Michigan trademark case questions who owns the road
Michigan's state highway 22 is the unlikely target of a simmering trademark battle.
I can’t tell you how many miles I’ve traveled on M-22 in my lifetime -- maybe 100,000. I took M-22 to and from the tiny village of Northport, where I went to school. In the summer we took it to my grandparents’ house to spend the day swimming and skiing on Lake Leelanau.
Returning to Leelanau County as an adult, the childhood associations are the same, but the scores of new restaurants, vineyards, farmers markets and coffee shops are different.

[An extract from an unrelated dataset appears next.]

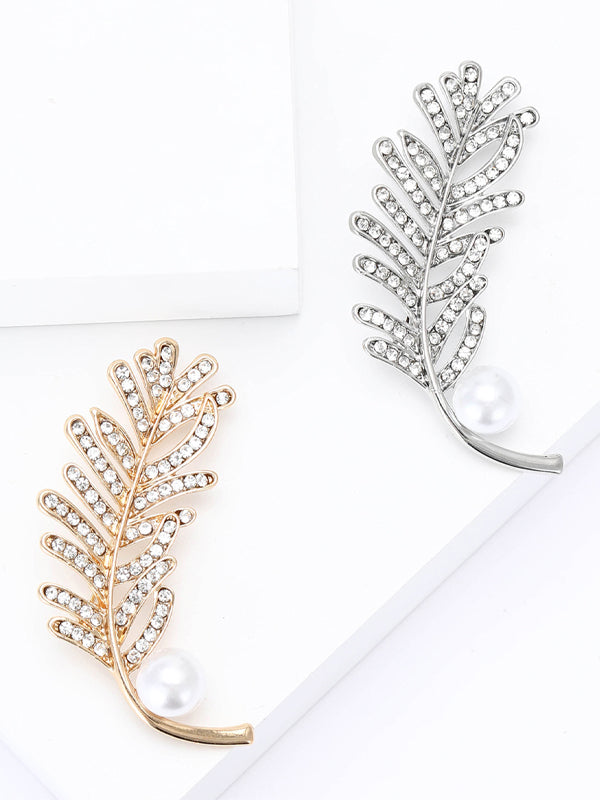 Broche de aleación con forma de pluma y diamantes de imitación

“Leelanau County is supposed to be a secret, so I shouldn’t even be talking to you about this,” Pamela Cain told me as she was loading her children into a white minivan in the popular tourist town of Leland. I noticed the now-ubiquitous M-22 sticker clapped on the bumper.
“Yeah, he has a shirt and I have a sweatshirt; my mom has the sweatshirt; we have the stickers. It’s just a beautiful place to live, and to eat, and to work, and to raise a family,” she said.
M-22 runs 30 miles up one side of the Leelanau Peninsula and down the other -- it’s a beautiful drive. And the simple black and white M-22 road sign that's emblazoned on bumpers, t-shirts and sweaters is the brainchild of the Myers brothers, Keegan and Matt, who secured a trademark for M-22 in 2007. The brand was an instant success.
“[Business has] doubled every year at least,” Matt Myers said. “So, whatever we did last year we’ve already done twice as much this year.”
What began as a simple logo for the brother’s kiteboard and surfing business quickly grew into a booming retail industry, promoting Leelanau County, Northern Michigan and summertime fun. It’s also become the flashpoint of a bitter trademark war over who owns rights to the plain old Michigan highway sign. Keegan Myers said the success of the company and simplicity of the concept has made them easy targets for copycats.
“In business you can’t move forward if you can’t protect what you’ve created,” says Keegan. "Nike does it."
His older brother Matt was more direct: “What happens is people come in here, they come in and look at the exact products we’re buying, exactly how we’ve embellished them, and they go and copy it."
To protect their brand, M-22 started sending cease-and-desist letters to companies with similar highway products, even those using featuring different roads such as M-119 about two hours north. With her mother, Ami Woods runs the Good Hart General Store in Good Hart, Michigan. Woods said they’ve sold souvenirs promoting M-119 for several decades, which is their right since M-119 runs right by their front door.
“All that we have is tourism as an industry,” Woods said. “So, the possibility of a private business claiming a trademark that jeopardizes our right to promote tourism in our area is something that we felt very strongly that we needed to go against.”
Michigan’s Attorney General Bill Schuette seems to agree with her. Schuette ruled earlier this year that all state road signs, including M-22, are public domain -- especially when it comes to tourism. As far as the Myers brothers are concerned, they plan to continue defending the trademark they’ve held for the past five years despite the AG’s ruling.
Whatever happens with the trademark, as long as tourists continue to pour into Leelanau County to swim, shop, eat or just drive down M-22, they will continue to buy the t-shirts. Just like people like me will pine for summers past when the secret beaches were still a secret.